Orchestration model Human-in-the-loop Deliberate design choice: curatorial oversight at each phase, reflecting GLAM production constraints Semi-automated Partially automated pipeline; degree of human intervention not fully specified Fully automated Apache Airflow DAG-based orchestration; end-to-end automated execution
Input scope Tabular / CSV only Deliberately constrained to tabular/CSV inputs; a principled boundary of the blueprint's current scope Heterogeneous XML, JSON, relational databases, CSV Heterogeneous XML, JSON, relational databases, CSV
Containerisation Not yet Identified as a current limitation; no containerised execution environment provided — Not documented Docker Compose Full-stack Docker Compose configuration for reproducible deployment
Domain Cultural heritage / GLAM (museum objects, digitisation paradata, bibliographic metadata) Public procurement (EU open data, IDS data spaces) Environmental open data (water quality, health monitoring)

Positioning

Methodological Convergence

The comparative analysis reveals substantial methodological convergence between TAB-SEB and the WHOW/Guasch et al. line of work, most notably in the shared commitment to declarative RML-based mapping as the core mechanism for CSV-to-RDF conversion and in the shared orientation towards FAIR data quality. This convergence is significant precisely because it emerges independently across research groups and across domains — public procurement, environmental data, and cultural heritage — suggesting that the declarative mapping paradigm is consolidating as a cross-domain standard for reproducible knowledge graph construction.

Principled Divergences

The primary divergences between TAB-SEB and the WHOW line of work fall into two distinct categories. The first comprises aspects that TAB-SEB explicitly acknowledges as current limitations and which directly inform its future development agenda: the absence of a machine-readable workflow formalisation (addressable via CWL encoding) and the absence of a containerised execution environment. The second category comprises deliberate design choices that reflect the specific constraints and epistemological requirements of GLAM production contexts: the human-in-the-loop supervision model is not a limitation to be overcome but a principled response to the curatorial judgements necessarily embedded in cultural heritage data processing; the restriction to tabular/CSV input is similarly a scope boundary rather than a technical constraint.

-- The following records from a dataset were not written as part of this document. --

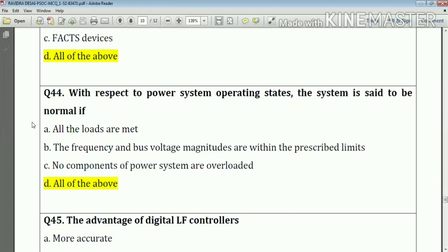Question number forty-four: with respect to power system operating state, the system is said to be normal if all loads are met, frequency and bus voltage magnitudes are within prescribed limits, and no components of the power system are overloaded. Answer: option D — all of the above.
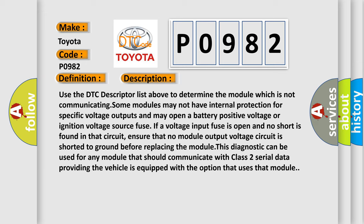This diagnostic can be used for any module that should communicate with Class 2 serial data providing the vehicle is equipped with the option that uses that module.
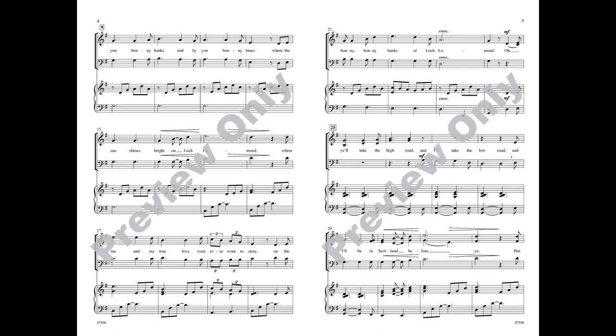By yon bonnie banks and by yon bonnie braes, where the sun shines bright on Loch Lomond, where me and my true love will ever want to stray, on the bonnie bonnie banks of Loch Lomond.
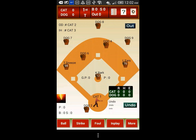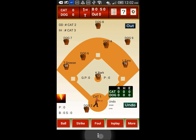Now if you want to set up the defensive line-up for the second team, also before you start scoring the game, you can swap the offensive and defensive teams. Tap on the menu button on the bottom of your phone, then select swap home/away.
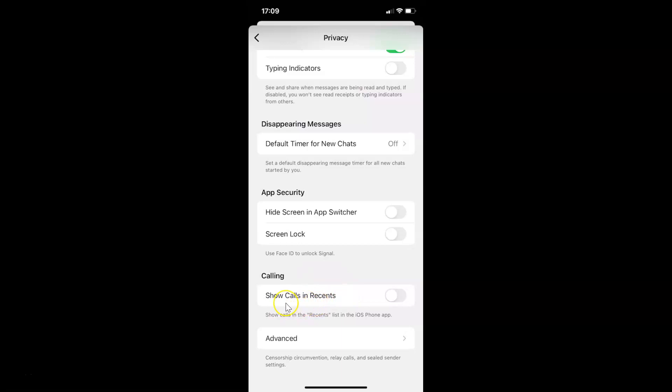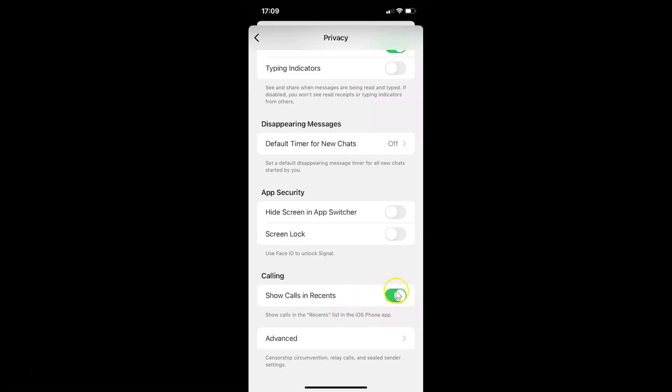In order to enable show calls in recents you have to enable this toggle button. To enable this toggle button you have to tap on it so that the slider moves to the right. Let me show you. Let me tap on this. And you can see it's now enabled.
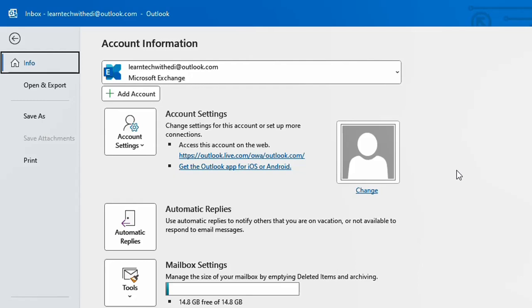This method works regardless if you are using a standard Outlook.com account or if you are using your company account.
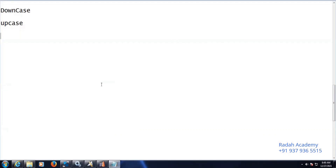In this video we will be discussing about upcase and downcase and how to get the first letter as a capital letter and the remaining as small letters. So how to handle this scenario.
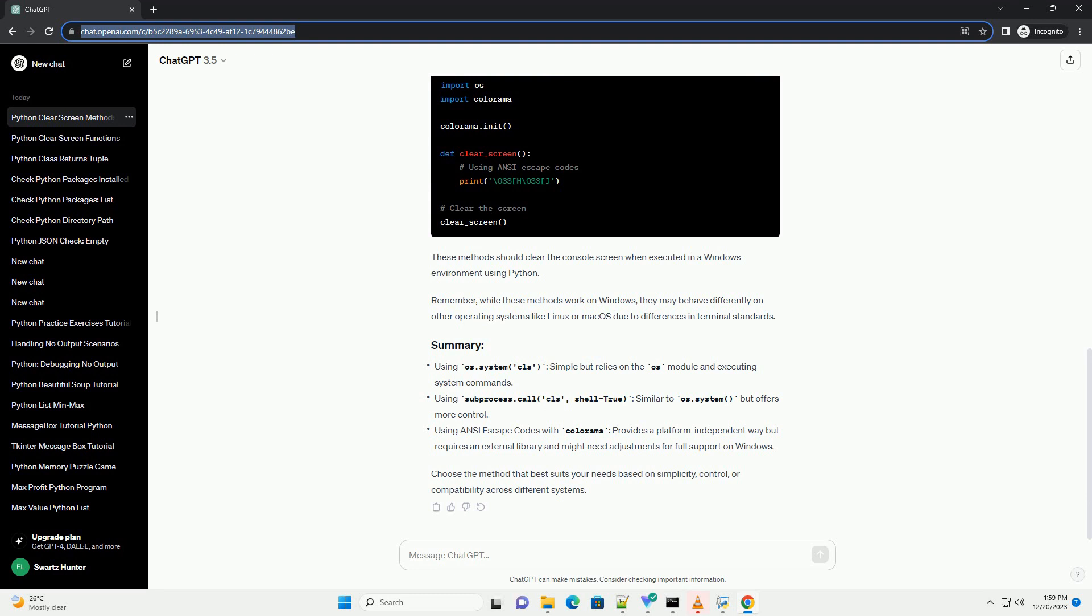Choose the method that best suits your needs based on simplicity, control, or compatibility across different systems.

Implications for Future Development

The WHOW Toolkit's combination of OWL workflow formalisation, Apache Airflow orchestration, and SHACL validation constitutes a reference implementation against which TAB-SEB's future development trajectory can be measured. The adoption of CWL encoding (identified in the Future Development section) would partially close the gap in workflow formalisation, while the addition of SHACL validation would align TAB-SEB's quality control apparatus with both WHOW and established semantic web best practice. Full automation via a pipeline orchestrator remains outside TAB-SEB's design scope for as long as the blueprint targets GLAM contexts requiring human curatorial oversight.